WHAT THE TASK ASKS:
Reproduce the listing in full, exactly as written, but without images.

SUPPLIED DATA:
^^^^^^^^

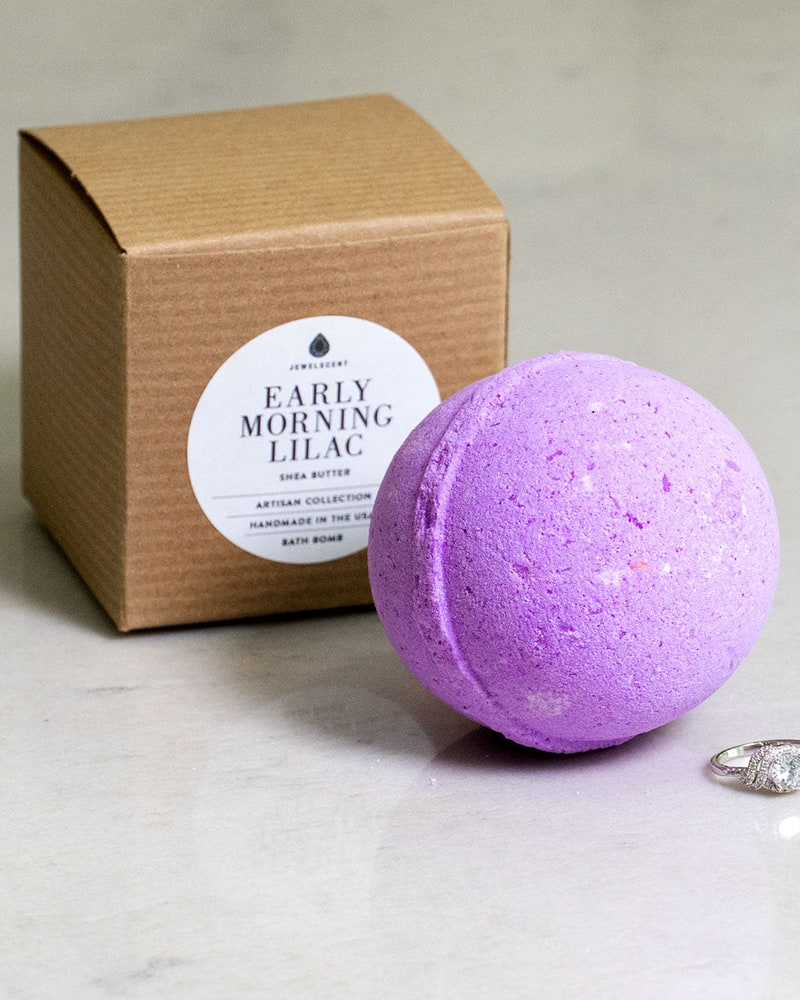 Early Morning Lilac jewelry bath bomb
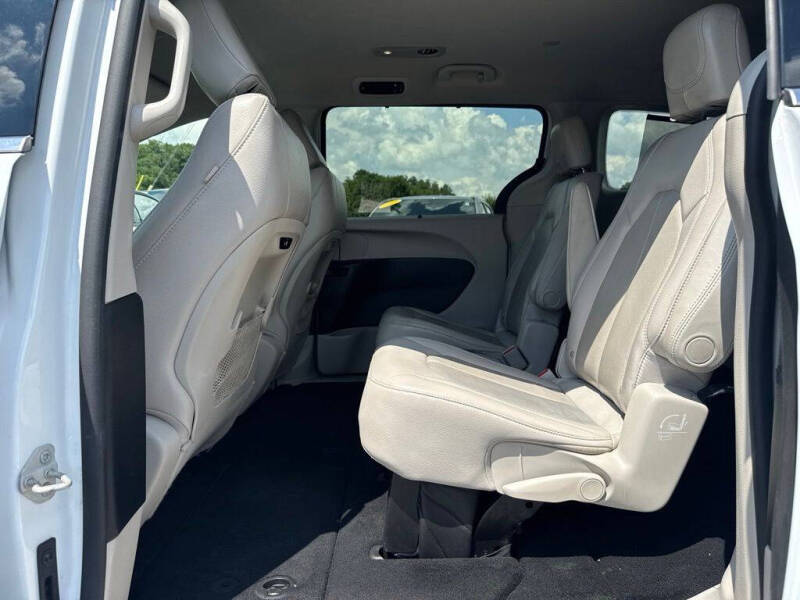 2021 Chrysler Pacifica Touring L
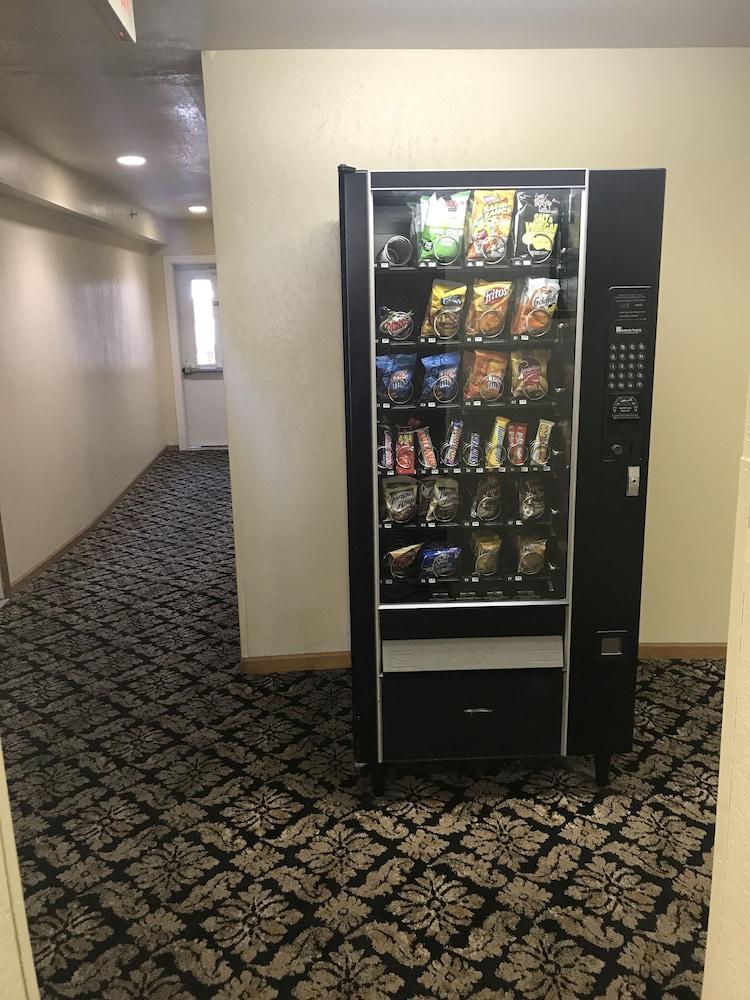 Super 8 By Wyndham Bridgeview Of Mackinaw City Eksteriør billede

^^^^^^^^

FINISHED TASK:
 Early Morning Lilac jewelry bath bomb
 2021 Chrysler Pacifica Touring L
 Super 8 By Wyndham Bridgeview Of Mackinaw City Eksteriør billede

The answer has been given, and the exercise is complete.